Traffic police estimated the number of marchers at several hundred thousand, and said demonstrations were also taking place in other Syrian cities. The government, which strongly opposes the war, allowed civil servants to stop work to join the march.
"We sacrifice our souls and blood for Iraq," chanted the demonstrators as they burned U.S. and British flags and spat on pictures of U.S. President George W. Bush covered with red paint symbolising blood.
Members of the crowd called Bush a "pig" and a "criminal" and described British Prime Minister Tony Blair as Bush's "lackey and dog."
Marchers also yelled abuse at the leaders of Egypt, Jordan, Qatar and Kuwait, accusing them of supporting the war. They called Jordan's King Abdullah a Zionist and Egyptian President Hosni Mubarak a "dollar worshipper," and said the Gulf Arab states' leaders were "traitors."
Hundreds of riot police and other security officers threw up road blocks in streets leading to the U.S. embassy, which was stormed by an angry crowd in 2000.
The marchers demanded that Syria expel the U.S. and British envoys and close down their embassies. "We say it out loud, we do not want to see their embassies (in Damascus)," they chanted.

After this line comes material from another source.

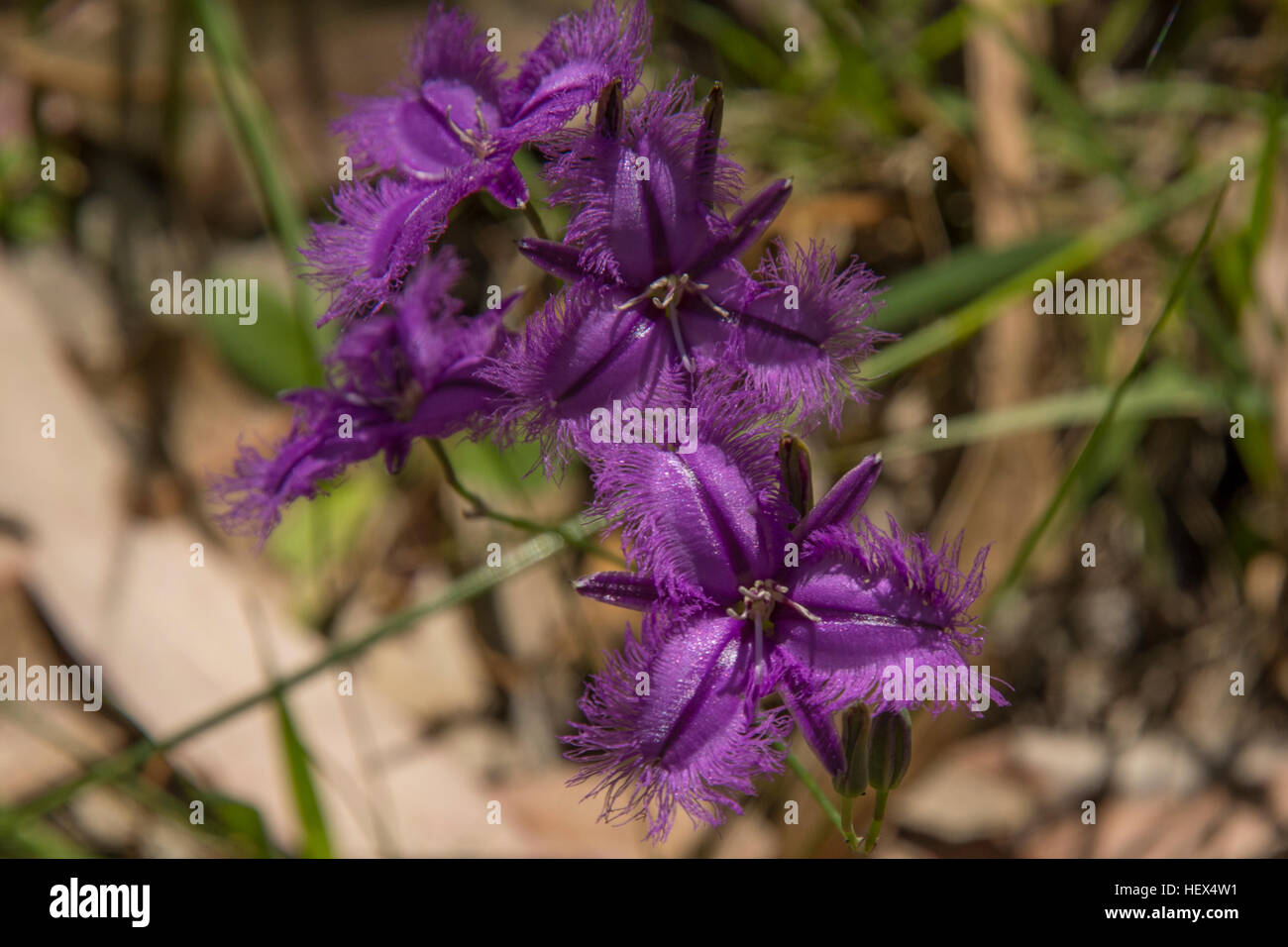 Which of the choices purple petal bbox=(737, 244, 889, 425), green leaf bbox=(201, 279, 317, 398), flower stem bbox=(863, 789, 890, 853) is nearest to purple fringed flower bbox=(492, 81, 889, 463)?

Syrians' anger at the invaders of Iraq was fuelled by news that U.S. and British aircraft had bombed a bus in Iraq carrying Syrian labourers home, killing five and wounding more than 10. http://www.citypages.com/databank/24/1164/article11140.asp Some protesters carried pictures of the victims.
The United States said the bombing on Sunday night was an accident and expressed its regrets to the families of the dead.
Syria, the only Arab country with a seat on the U.N. Security Council, opposes the current war on Iraq, in contrast with the 1991 Gulf war when it contributed troops to the U.S.-led force that ended the Iraqi occupation of Kuwait.